Bitcoin Ignites Ron Paul’s Parallel Currency Revolution

Bitcoin Ignites Ron Paul’s Parallel Currency Revolution
January 30, 2014

(This item originally appeared at Forbes.com on January 30, 2014.)

http://www.forbes.com/sites/nathanlewis/2014/01/30/bitcoin-ignites-ron-pauls-parallel-currency-revolution/

When Ron Paul invited me to testify in Congress in 2012 on the topic of “parallel currencies,” the idea was still perceived as rather eccentric. I pointed out that most people in the world were already using multiple currencies, usually a domestic junk fiat currency such as the Peruvian nuevo sol, and an international currency like the dollar or euro.

Since then, Bitcoin has awakened people worldwide to the fact that Ron Paul and I have known for years: that governments don’t have a monopoly on currency creation, and that you can have a great many non-government currencies if you want.

Bitcoin has already led to a phalanx of imitators: at last count, there were 83 “crypto-currencies” in the Bitcoin model. One of them is even called “RonPaulCoin”. Some people are already experimenting with grafting the Bitcoin platform to gold, producing an independent gold-based currency.

At the same time, larger institutions like Russia’s Sberbank are thinking of issuing their own competitive currencies. Britain’s Royal Mint plans to issue “gold-backed physical Bitcoins“.

Already, in the U.S., there have been many experiments with “community currencies.” At last count, there were sixteen in California alone, and another ten in Washington state. Mostly, these are low-quality dollar adjuncts, although there have been some experiments in making currencies based on “man-hours.”

There’s nothing new about “parallel currencies,” and actually nothing particularly special about Bitcoin. Any bank, like Russia’s Sberbank for example, could create its own currency, with all of the accompanying services such as bank deposit accounts, payment services, checks, credit cards, debit cards, electronic transfers via smartphone or whatever, and also physical banknotes and coins. It isn’t actually hard to do at all, and in fact banks in Hong Kong do this today, with independent bank-issued currencies based on the U.S. dollar.
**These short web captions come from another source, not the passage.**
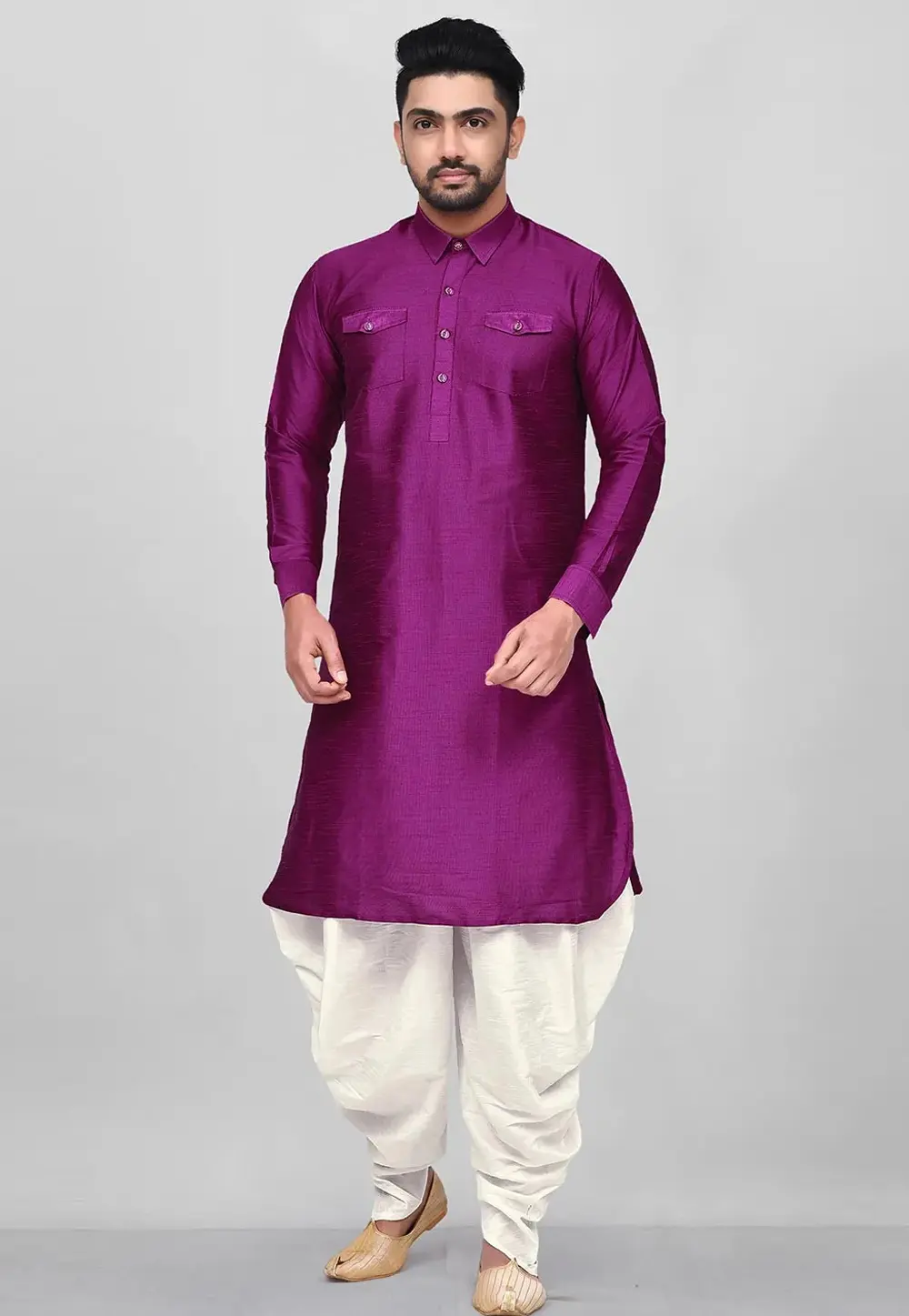 Purple Art Silk Pathani Suit 300791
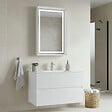 HABITAT ET JARDIN - Ensemble Meuble Vasque avec Miroir (2 Pièces) "Nest 91 v2" - 91 x 51 x 55 cm - Matte White - vignette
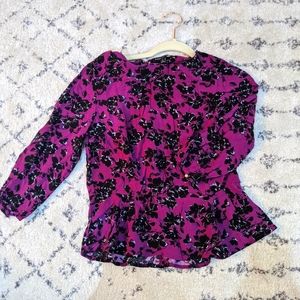Banana Republic Puff Sleeve Floral Peplum Blouse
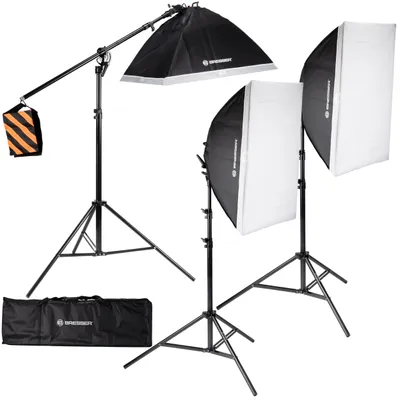 Produktbild von Bresser BR 235B LED Tageslicht Set mit 3 Softboxen und 15 E27 Lampen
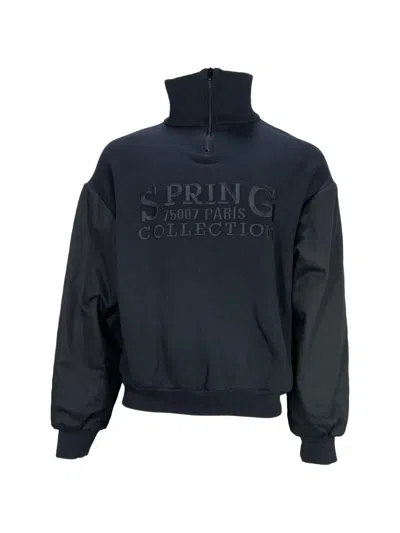 Pre-owned Balenciaga Embroidered Half-zipped Sweatshirt In Black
After we have a little fun of playing with the idea of “parallel currencies,” eventually we will come to a more significant issue: what is the best kind of currency? Bitcoin itself is actually a junk currency, as I’ve described in the past. People then were so enamored of the seemingly-new (but actually rather mundane) idea of a “parallel currency” that was not issued by some government, that they were willing to overlook these problems.

Over time, people will eventually learn some other things that Ron Paul and I already know. The best currency is one based on gold; that is, whose value is reliably fixed to gold, in some unchanging ratio. This is the model the United States used for 182 years, from 1789 to 1971. For most of that time, until 1933, the dollar’s value was fixed at 23.2 troy grains of gold, or 1/20.67 of a troy ounce. After a devaluation in 1933, the dollar’s value was 1/35th of an ounce of gold, which continued until 1971.

The U.S. became a world superpower, the most successful country of the 19th and 20th centuries.

People have been fooling around with money for thousands of years. They’ve tried money based on shark’s teeth, cowrie shells, and hundreds of experiments of floating fiat currencies managed by some committee of bureaucrats. By 1900, the last competitor — silver — had been effectively eliminated, leaving one and only one winner: gold.

Ultimately, a currency has to be managed according to some sort of system. Bitcoin uses a system of slowly-increasing supply. Others have had fixed-value systems linked to wheat, copper, or giant stone wheels. In the 1850s, there were, by one count, 1,694 different paper currencies circulating in Japan, including varieties based on gold, silver, copper, rice, umbrellas, potter’s wheels, string, and something called an eiraku-sen note, which means what I don’t know.

This menagerie was eventually abandoned, and the unified, gold-based yen introduced in 1871. People then knew junk currencies when they saw them, and they had had enough of it.

Do you think you invented “parallel currencies”? I assure you that you did not.

I think that a major step forward will be when a major government — such as China — begins to issue an international alternative currency based on gold. The existing, dollar-based yuan would continue as it is, but there would be another Chinese currency, supported by the Chinese state, that is suitable for international use on a vast scale. Major Chinese banks (and non-Chinese banks) would provide a full array of banking services based on this new gold-based currency, capable of institutional size to serve transactions between giant multinational corporations. Chinese people, or anyone else worldwide, would be welcome to use it on a voluntary basis.

Would you use this instead of Bitcoin? I would.

Shanghai would become the next financial capital of the world. It is so easy to do.